Although the current research was the solitary approach to develop and assess the multiple model integration scheme supervised with hybrid GANN (MM-GANN), the certified limitations should be addressed in future research. It is evident from tables and figures that the MM-GANN model can improve the prediction accuracy of soil CEC when the inputs involving the predictions of ELM and ANN models calibrated by considering all the soil parameters (e.g., clay, OM, pH, silt, and CCE) are provided. However, one of the disadvantages of the MM-GANN model lies in the selection of the best standalone model for enhancing the prediction accuracy of soil CEC. Therefore, it is recommended to incorporate the prediction results of other data-driven models as the inputs of the MM-GANN model which can enhance the model’s performance.
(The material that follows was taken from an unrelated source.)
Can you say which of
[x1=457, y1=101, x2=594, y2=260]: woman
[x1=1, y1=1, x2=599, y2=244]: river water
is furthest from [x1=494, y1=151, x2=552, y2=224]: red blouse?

In addition, this concept can be expanded and applied to other engineering fields such as structural, hydrologic, water resources, climatic, and different time series prediction/forecasting.

6. Conclusion

Over the past two decades, there is a noticeable demand for soil data assessment with regard to pollution and land degradation. The new era of soil process modeling using data intelligence models has been rapidly boosted. The current study was to develop a hybrid machine intelligence model based on the multimodel genetic algorithm-neural network for soil cation-exchange capacity. Two classical artificial intelligence models, namely, the ANN and ELM, were developed to evaluate their performance in estimating soil CEC along with the proposed hybrid MM-GANN model. Several correlated soil parameters including clay, silt, pH, carbonate calcium equivalent (CCE), and soil organic matter (OM) were used in the form of input attributes to the proposed and the comparable machine intelligence models. In particular, the hybrid MM-GANN model which received the predicted values of ANN and ELM as input attributes performed well in the estimation of soil CEC. Overall, the proposed multiple model integration scheme supervised with hybrid GANN model functions as an efficient pedotransfer function to predict or estimate soil CEC using readily available soil parameters (i.e., clay, OM, pH, silt, and CCE) as input variables. In particular, the conclusions of the current investigation are as follows:(i)Based on the applied evaluation metrics, the ELM model provided superior CEC estimates than ANN.(ii)The proposed hybrid MM-GANN model outperforms both standalone ANN and ELM models in terms of all the statistical metrics.(iii)The proposed integrated hybrid machine intelligence scheme (MM-GANN) proved to be a reliable modeling strategy for modeling the soil cation-exchange capacity of the study area.

Before this end, it is worth stating the possibility for future research. As a fact, soil CEC is influenced by several morphological parameters [76, 77]; thus, integrating a feature selection as a prior modeling phase for the prediction process is highly recommended to be established. In addition, owing to the associated variability with each soil CEC type, it is an ideal proposition to estimate each type individually.

Data Availability

The datasets are available. Data can be shared upon request from the corresponding author.

Disclosure

This article has been previously published as preprint as follows: https://doi.org/10.21203/rs.3.rs-471256/v1 [78].

Conflicts of Interest

The authors declare that they have no conflicts of interest.